Fue fácil ver en la expresión de confianza con la cual Jacques se acercó a Gazelle que él había juzgado en un principio que la situación en la que ésta se encontraba la dejaba incapaz de defenderse. Sin embargo, llegado a medio pie del monstrum horrendum, se detuvo un instante, miró dentro de la abertura más cercana a él, y se puso, con un aire de negligencia, a girarla con precaución, examinándola casi como un general hace con una ciudad que desea asediar. Terminado el reconocimiento, estiró lentamente la mano y tocó la extremidad de la coraza con la punta del dedo; inmediatamente después, arrojándose ágilmente hacia atrás, se puso, sin perder de vista su objeto de interés, a bailar alegremente sobre manos y pies, acompañando este movimiento con una especie de canto de victoria que le era habitual cada vez que, por una dificultad vencida o un peligro afrontado, creía merecer felicitarse por su astucia o su valor.

Sin embargo, el canto y la danza se interrumpieron repentinamente; una nueva idea atravesó el cerebro de Jacques, y pareció absorber todas sus facultades pensantes. Miró atentamente a la tortuga, a la cual su mano, al tocarla, había producido un movimiento oscilatorio que volvía más prolongada la forma esférica de su coraza. Se acercó caminando de lado como un cangrejo; después, estando cerca de ella, se elevó sobre ambas piernas y la montó como un caballero a su caballo; al fin, completamente seguro, aparentemente, por el estudio profundo que acababa de realizar, se sentó sobre ese asiento móvil, e imprimiéndole, sin que por esto sus pies se separasen del suelo, un rápido movimiento de oscilación, se balanceó alegremente, rascándose el costado y entornando los ojos, gestos que, para aquéllos que lo conocen, eran la expresión de una felicidad indefinible.

De pronto, Jacques pegó un grito agudo, dio un salto perpendicular de tres pies, calló sobre los riñones y, abalanzándose hacia su escalera, se refugió tras la cabeza de Malaguti.
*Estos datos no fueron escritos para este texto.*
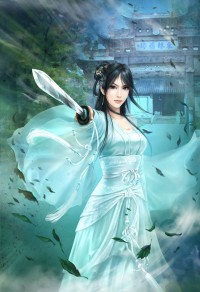 萬界房二代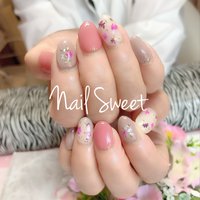 日立市の安いネイルサロン ネイルブック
Ese revuelo fue provocado por Gazelle, quien, cansada de un juego en el que el placer evidentemente no era para ella, había al fin dado signos de vida al arañar con sus patas frías y agudas los muslos de Jacques I, quien fue tan sorprendido por esa agresión que no esperaba menos que un ataque por ese lado.

En ese momento entró un comprador, y Decamps me hizo seña de que deseaba quedarse solo. Tomé mi sombrero y mi bastón, y me alejé.

Me encontraba en el rellano cuando Decamps volvió a llamarme.

—A propósito —me dijo— venga usted mañana a pasar la velada con nosotros.

—¿Qué sucede, pues, mañana?

— Tenemos cena y lectura

—¡Bah!

—Así es, Mademoiselle Camargo debe comer cien moscas, y Jadin leer un manuscrito.